Au sein des sciences humaines et sociales, c’est aussi un champ d’études très interdisciplinaire, qui déborde les problématiques des transferts linguistiques et culturels. Si la traduction est d’évidence une problématique centrale pour les études aréales, elle est aussi, comme l’a montré Barbara Cassin, médaille d’or du CNRS, dans son Vocabulaire européen des philosophies. Le Dictionnaire des Intraduisibles1 , une question philosophique fondamentale : peut-on tout traduire ? Loin d’être une opération transparente, la traduction emporte avec elle sa difficulté, ses aspérités et sa violence2 . Question pour les littéraires qui observent la mondialisation, les adaptations et les transformations des œuvres et des objets culturels et pour les philosophes qui pensent le langage, la traduction est aussi un objet d’étude pour les spécialistes de l’art et de la musique, l’histoire des sciences et des idées, comme il l’est pour les acteurs de l’acte de traduire, les chercheurs sur sa matérialité, les historiens  des circulations culturelles, les anthropologues sur leurs terrains, voire pour les sociologues et les juristes. Commerces et politiques internationales ne dépendent-ils pas de traducteurs ? La traduction expose notre vulnérabilité dans le langage autant qu’elle éclaire des rapports de forces culturels. Traduire, c’est faire connaître dans un contexte nouveau, faire reconnaître, comme le suggère Véronique Boudon-Millot dans son article consacré aux traductions d’Hippocrate et de Galien. Traduire, c’est un jeu littéraire mais aussi une activité heuristique intense avance Guillaume Metayer en commentant les traductions des poèmes de Nietzsche. Mais traduire est un geste éminemment délicat, comme le montre la réflexion pleine de scrupules éthiques et historiques de Florent Brayard sur la retraduction de Mein Kampf.
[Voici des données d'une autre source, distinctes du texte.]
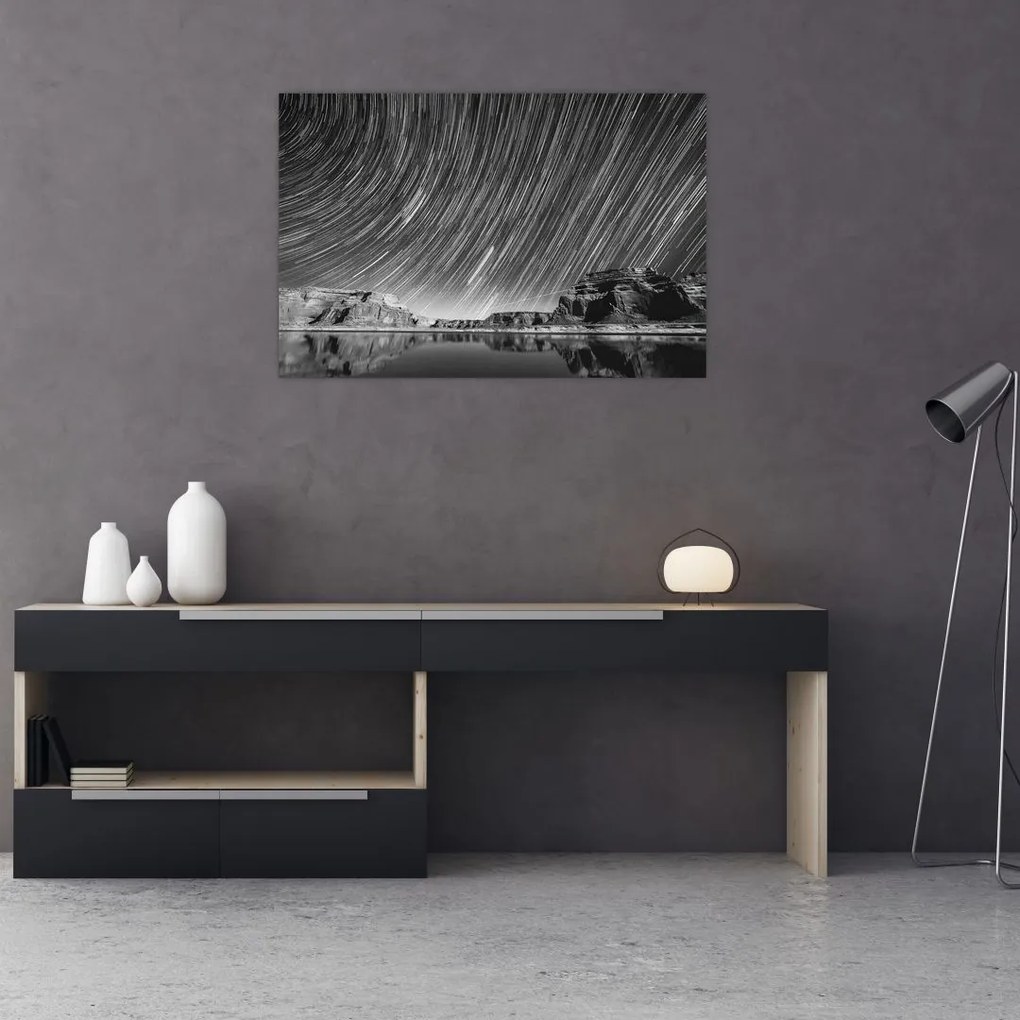 Tablou albnegru cu cerul și stele (90x60 cm)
Dans le champ de la linguistique, la traduction est depuis longtemps une question scientifique qui permet de mesurer les rapports entre les langues, de différencier leurs structures tout en interrogeant l’existence de structures linguistiques communes. À l’heure de l’intelligence artificielle, la traduction automatique pourvoit un idéal de transparence et de communication qui n’est pas sans poser des questions, les outils de traduction automatique exposant aux risques de biais et de simplification, et imposant de nouvelles normativités linguistiques. C’est l’une des questions abordées par l’article de Thierry Poibeau sur la recherche en traduction automatique depuis un laboratoire de sciences humaines et sociales.
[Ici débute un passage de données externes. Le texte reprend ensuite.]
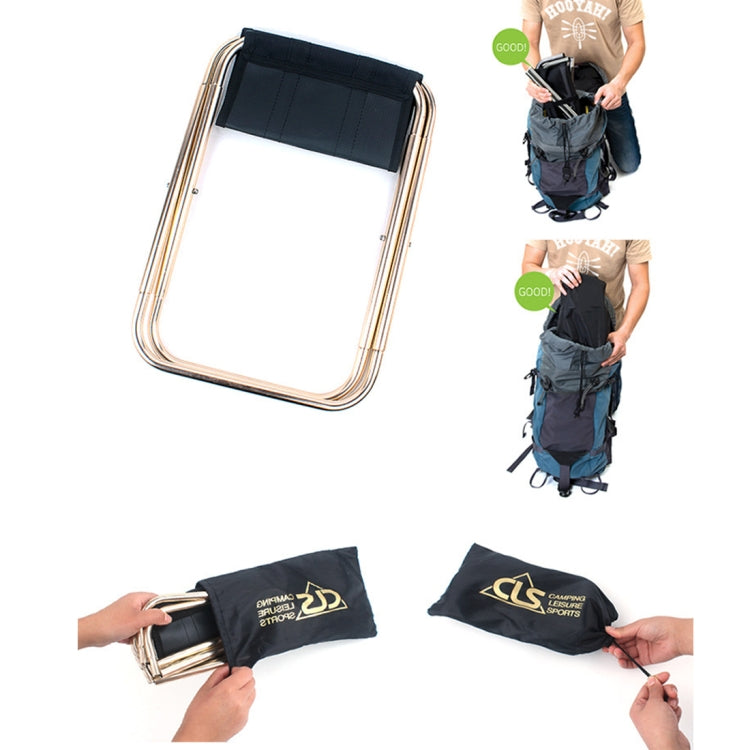 CLS Outdoor Portable Aluminum Alloy Fishing Barbecue Folding Stool, Size: 24.8*22.5*27cm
Enfin, la traduction peut fonctionner dans un sens plus large débordant les échanges entre les langues et les systèmes de signes comme un processus de circulation entre les mondes : traduction d’un concept d’une discipline à l’autre, du vocabulaire spécialisé au langage ordinaire, d’une idée en un argumentaire rhétorique. La traduction est donc une métaphore puissante, elle dit notre relation à l’autre dans toute sa complexité et elle est un des mots clés des savoirs produits par les SHS, dans lesquels les processus de communication sont centraux. On le verra dans ce dossier qui illustre la variété des enjeux du concept.
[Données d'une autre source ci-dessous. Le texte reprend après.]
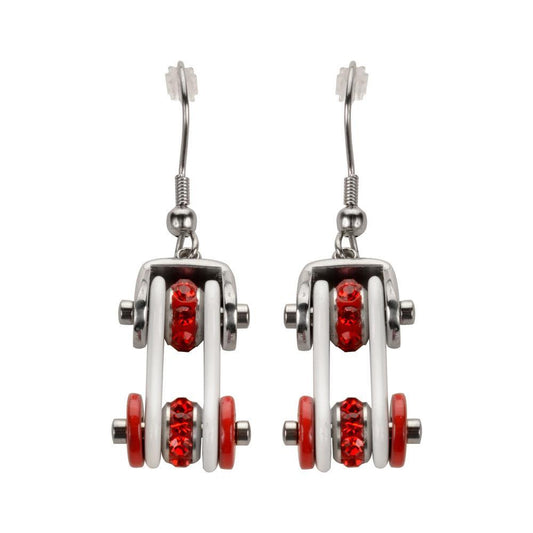 Two Tone Silver White Red Crystal Centers Bike Chain Earrings Stainless Steel Motorcycle Biker Jewelry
De par leurs implantations au sein d’aires géographiques et culturelles variées, les unités à l’étranger se voient toutes conviées à considérer les différentes dimensions que recouvre la traduction. Si traduire un texte d’une langue vers une autre compose l’une des modalités de l’internationalisation des débats scientifiques, les contributions issues de quelques-unes de nos unités à l’étranger soulignent que la traduction conduit la réflexion bien au-delà d’une simple mise en partage. S’interroger à la fois sur la nature de son incidence épistémologique, sur le contexte de réception (notamment en termes de rapports de domination) ou sur les modalités de préservation d’un patrimoine linguistique compose l’espace intellectuel de ces unités mobilisées par l’acte de traduire.

Caroline Bodolec, Ricardo Etxepare, Alexandre Gefen, Pascale Goetschel, William Berthomière, DAS InSHS

  • 1Cassin B. (dir.) 2004, Vocabulaire européen des philosophies. Le Dictionnaire des Intraduisibles, Seuil / Le Robert.
  • 2Voir à ce sujet : Samoyault T. 2020, Traduction et violence, Seuil.